Here are your practice assignments for this week:

Aidan

Recommended minutes to practice: 20-30 minutes per day

What to practice: Beats #1-12 on the sheet that I gave you.

How to practice it most effectively: For beats #1-6, continue to work on playing the beats faster, but be very careful to keep your speed consistent. You don’t want to be speeding up and slowing down while you play. Keeping a steady beat is the most important goal. For beats #7-12, practice slowly and count out loud. This is the best way to develop consistency with rhythms and beats that give you trouble.

How parents can support practice: Encouraging your child to practice regularly and helping them develop a routine is the best way to be supportive.

Will

Recommended minutes to practice: 15-20 minutes per day

What to practice: The Chorus beat of Can’t Stop and the fill at the end of the chorus which leads back into the verse.

How to practice it most effectively: Keep working on the Chorus beat in order to develop more consistency with it. It sounds quite good when you get it, but it still sometimes gives you trouble. Work on the open hi-hat in the fill at the end of the chorus. Focus on having both of your feet move up and down together.

How parents can support practice: Encouraging your child to practice regularly and helping them develop a routine is the best way to be supportive.

Oscar

Recommended minutes to practice: 20-30 minutes per day

What to practice: The triplet-sixteenth-note subdivisions in Hey Joe by Jimi Hendrix.

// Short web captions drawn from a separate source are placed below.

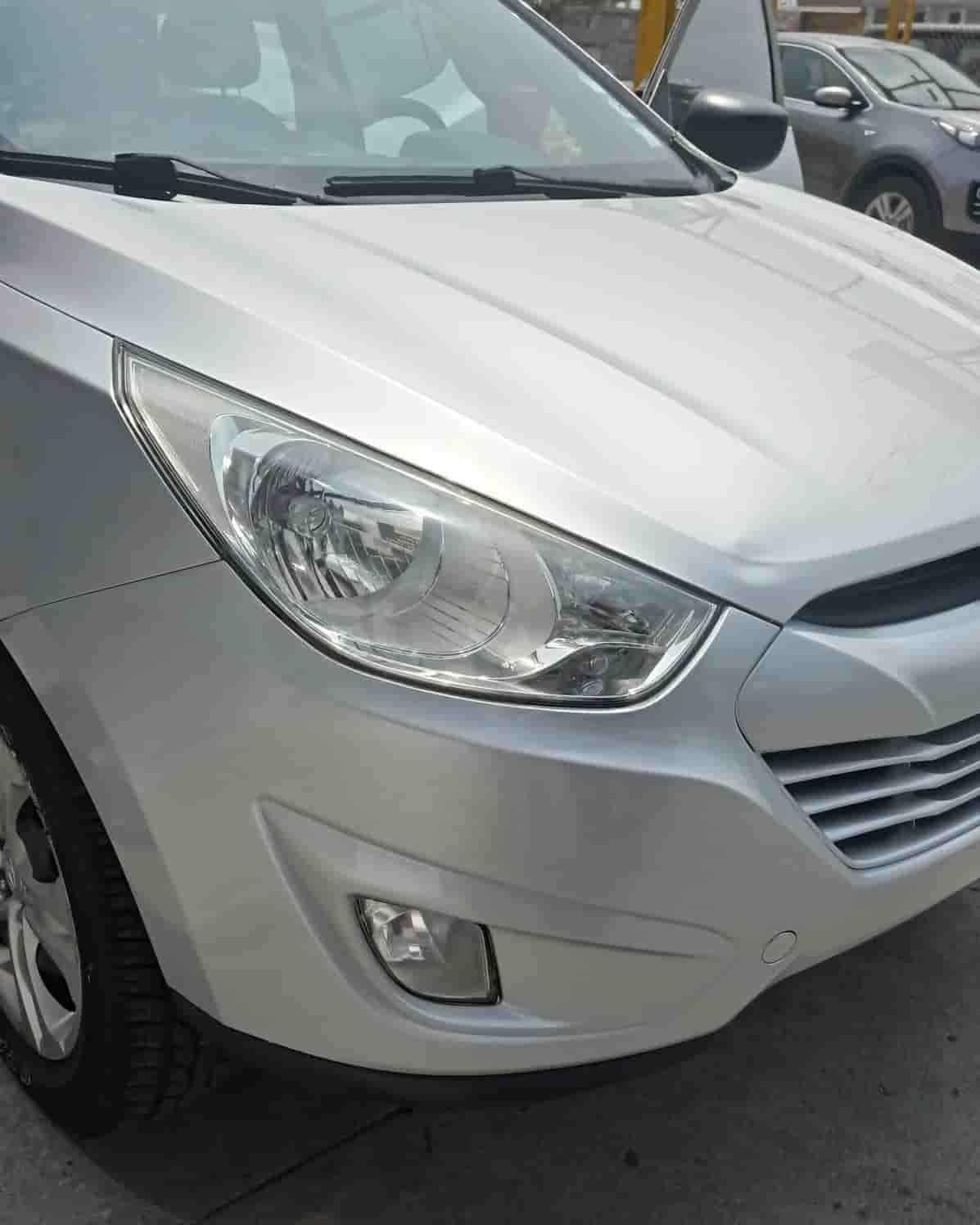 Taller de pintura automotriz en guayaquil para super SUV kia blanco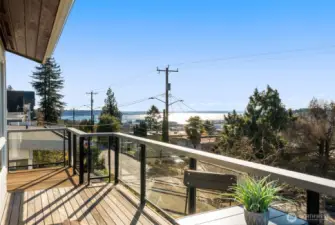 Step onto the west-facing deck for sunset views, or head to the back deck—perfect for BBQs, outdoor movie nights, and easy evenings with friends.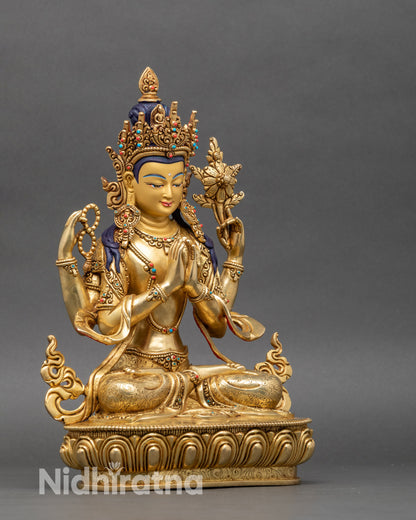 Avalokiteshvara statue right side showing one arm position and floral carved details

How to practice it most effectively: These triplet subdivisions have the effect of almost making this beat sound swung. Listen for that sound in the recording. Use the eighth note pulse as your beat and then subdivide it into three. Experiment with playing the one and the three of these subdivisions. This is where the swing feel comes from.

How parents can support practice: Encouraging your child to practice regularly and helping them develop a routine is the best way to be supportive.

Nate

Recommended minutes to practice: 20-30 minutes per day

What to practice: The second chorus of Californication by the Chili Peppers

How to practice it most effectively: Focus on the rhythm of the snare drum and bass drum in the second line of the chorus. Remember that it is not the same as the rhythm from verse beat. Look carefully at what I wrote in your book and compare it with what you hear in the song. It is a very syncopated rhythm, but you were starting to get the hang of it in your lesson.

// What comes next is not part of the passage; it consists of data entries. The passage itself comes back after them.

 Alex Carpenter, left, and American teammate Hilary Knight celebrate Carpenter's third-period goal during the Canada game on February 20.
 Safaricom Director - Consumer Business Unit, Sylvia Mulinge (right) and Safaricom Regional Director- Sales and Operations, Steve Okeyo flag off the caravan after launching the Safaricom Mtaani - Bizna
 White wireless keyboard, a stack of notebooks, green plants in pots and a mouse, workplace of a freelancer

How parents can support practice: Encouraging your child to practice regularly and helping them develop a routine is the best way to be supportive.

Alexy

Recommended minutes to practice: 15-20 minutes per day

What to practice: The hand-to-hand sticking pattern in the beat from “Ride.”

How to practice it most effectively: Practice it slowly and focus on keeping the “left right left right” pattern consistent. When you have two bass drum notes together, the first one will always land together with the right hand, and the second one will land on the beat (with the left hand). Count out loud to make sure that you are keeping a consistent rhythm

How parents can support practice: Encouraging your child to practice regularly and helping them develop a routine is the best way to be supportive.

Daniel

Recommended minutes to practice: 20-30 minutes per day

What to practice: The new snare drum study and continue to work on your xylophone exercises.

How to practice it most effectively: Practice the snare study in chunks. Don’t try to run through the whole thing every time you practice it. Take it line by line in order to nail down the rhythms and the dynamics. Then try to take two line together in order to start getting the bigger picture. Then add two lines to two other lines and do four lines at a time. By following this process, it will be much easier to learn the whole thing.